>>>>>

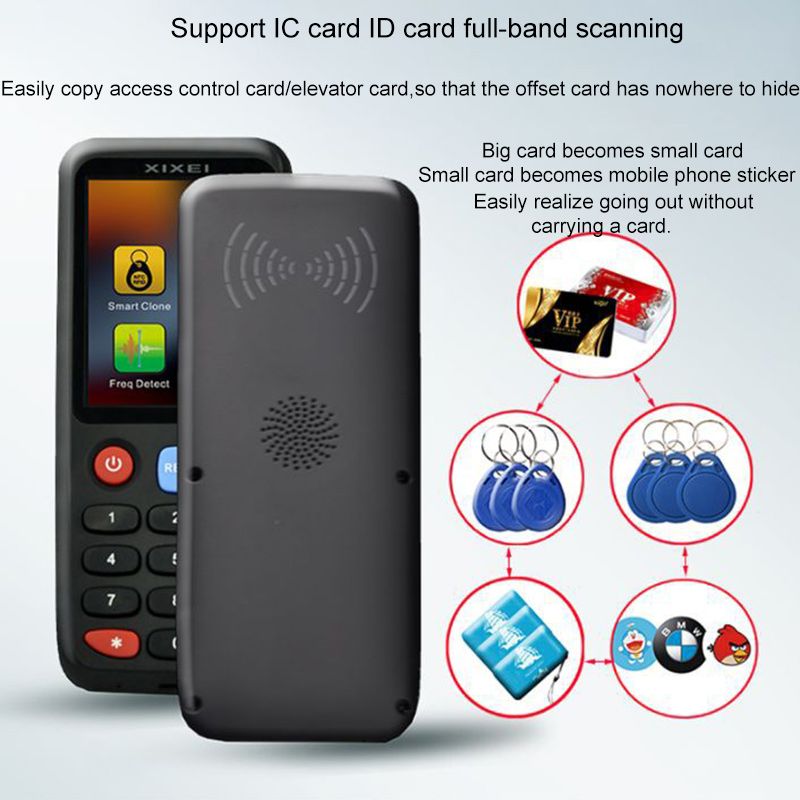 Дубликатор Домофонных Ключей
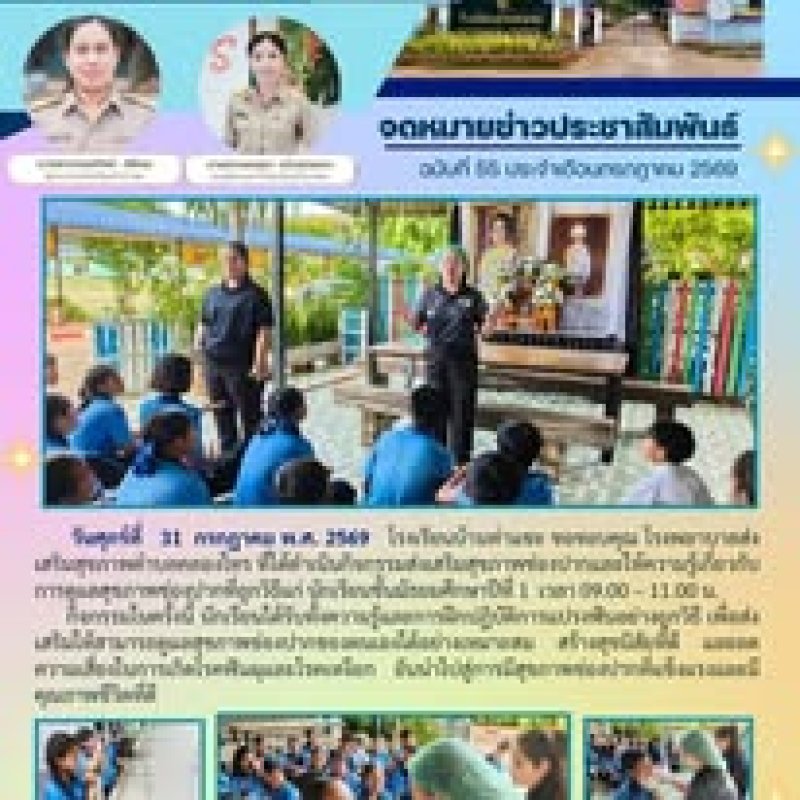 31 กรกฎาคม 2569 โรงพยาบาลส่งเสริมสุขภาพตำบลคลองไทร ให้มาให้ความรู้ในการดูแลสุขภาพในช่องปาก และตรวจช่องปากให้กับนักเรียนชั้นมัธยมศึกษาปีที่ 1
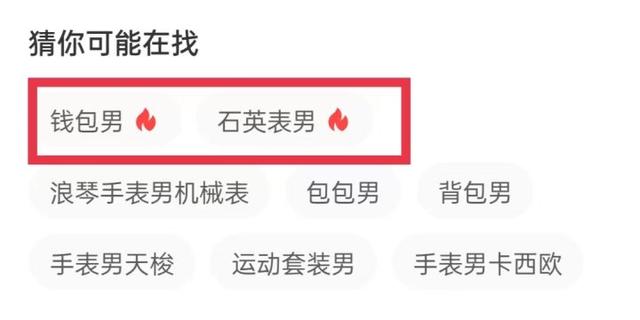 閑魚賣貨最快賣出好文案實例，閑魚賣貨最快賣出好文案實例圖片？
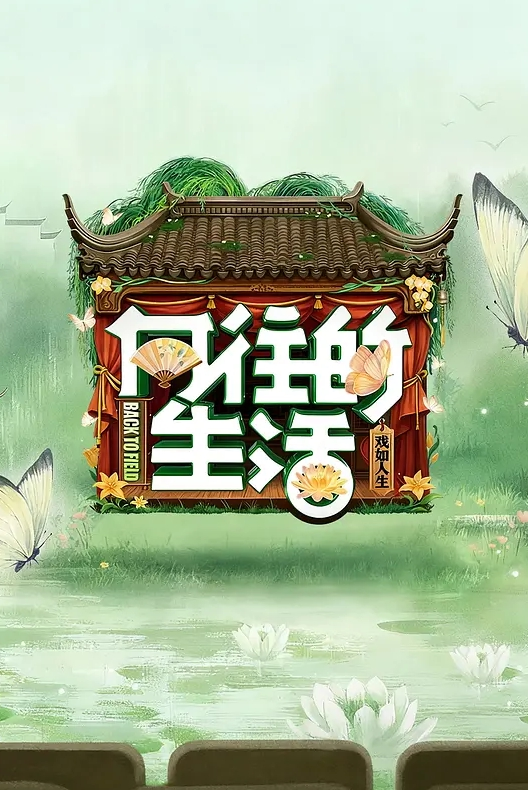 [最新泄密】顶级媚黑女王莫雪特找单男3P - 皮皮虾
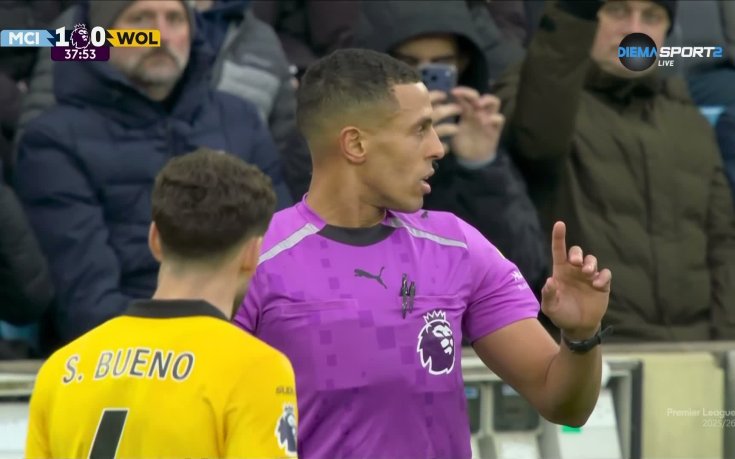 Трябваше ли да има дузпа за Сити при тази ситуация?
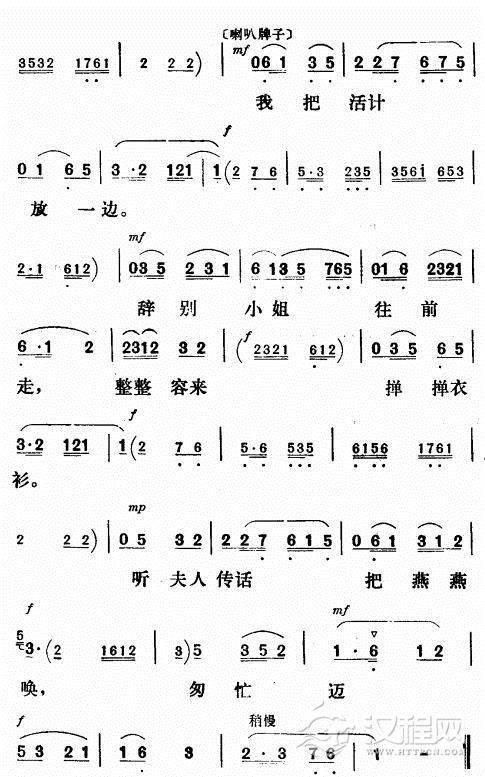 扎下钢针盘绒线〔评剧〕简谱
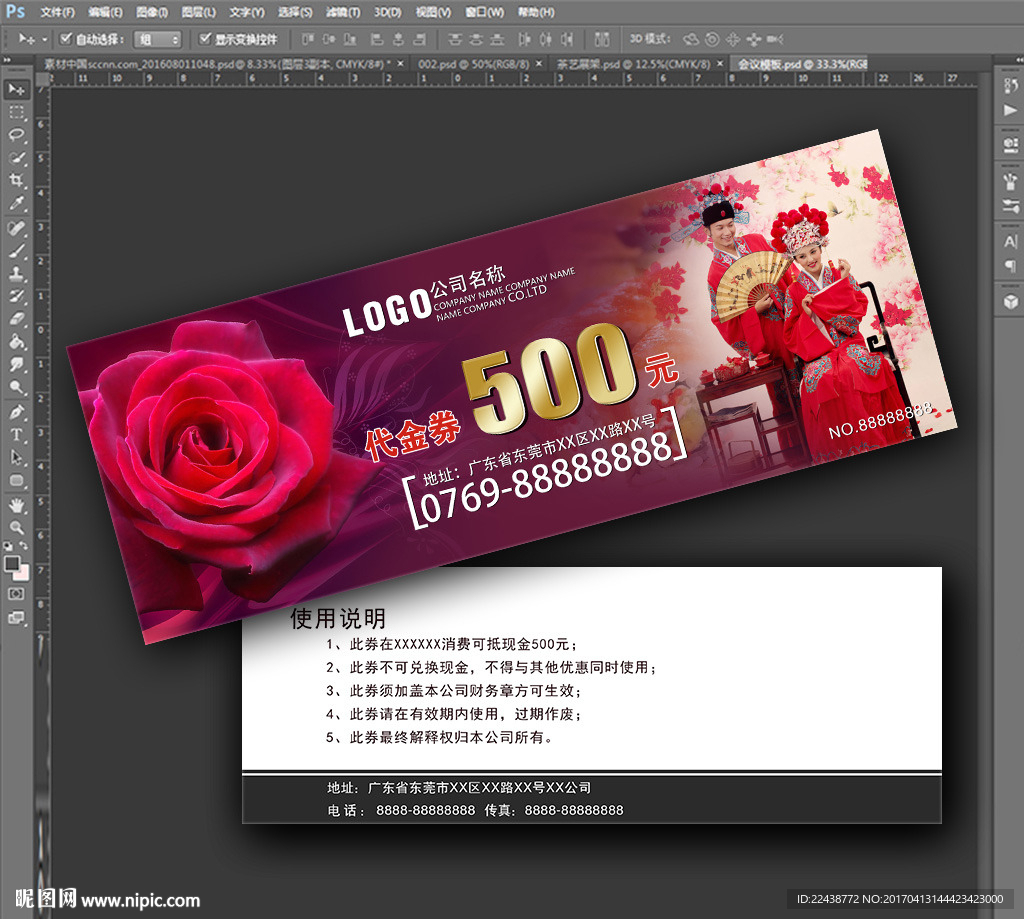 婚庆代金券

<<<<<
>>>>>

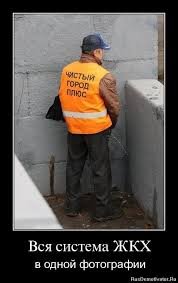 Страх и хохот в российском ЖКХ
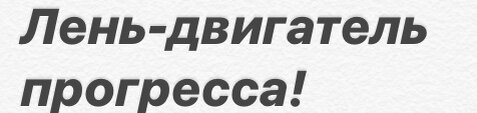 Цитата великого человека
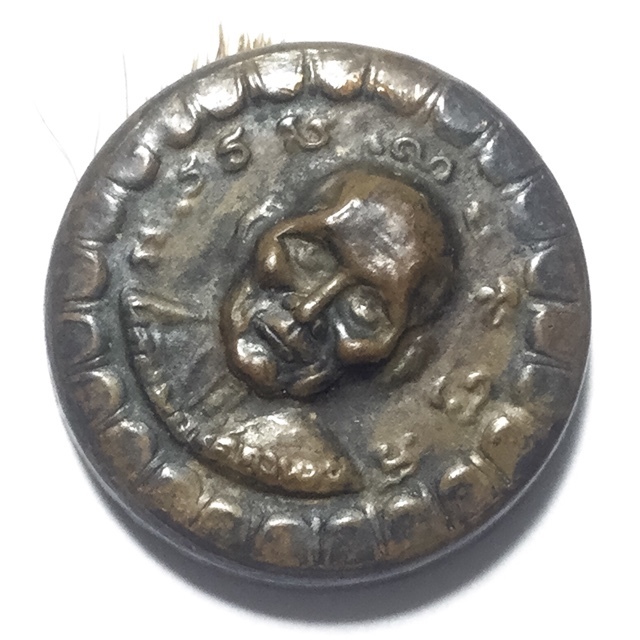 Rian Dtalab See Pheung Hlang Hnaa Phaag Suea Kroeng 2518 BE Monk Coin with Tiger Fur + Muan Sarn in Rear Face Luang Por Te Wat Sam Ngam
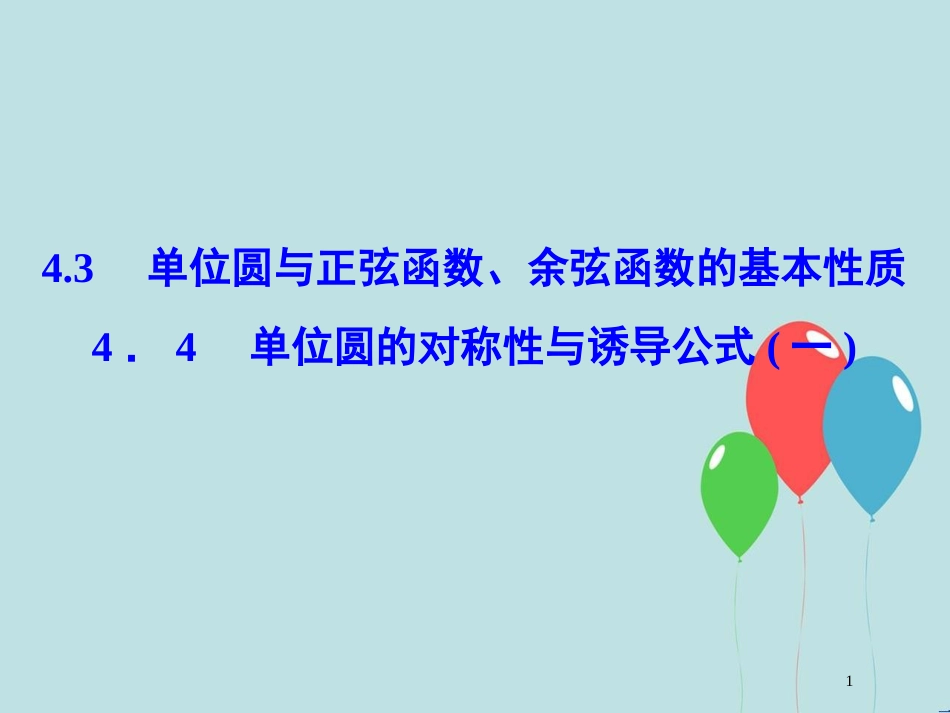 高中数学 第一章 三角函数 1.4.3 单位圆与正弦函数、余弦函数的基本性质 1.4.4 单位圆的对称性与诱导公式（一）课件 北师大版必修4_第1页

<<<<<

» Work to be completed:
Everything from the line with "Страх и хохот в российском ЖКХ" down to the line with "高中数学 第一章 三角函数" in the data above should be copied exactly, with both end lines kept and the pictures left out.

» Answer for the task:
 Страх и хохот в российском ЖКХ
 Цитата великого человека
 Rian Dtalab See Pheung Hlang Hnaa Phaag Suea Kroeng 2518 BE Monk Coin with Tiger Fur + Muan Sarn in Rear Face Luang Por Te Wat Sam Ngam
 高中数学 第一章 三角函数 1.4.3 单位圆与正弦函数、余弦函数的基本性质 1.4.4 单位圆的对称性与诱导公式（一）课件 北师大版必修4_第1页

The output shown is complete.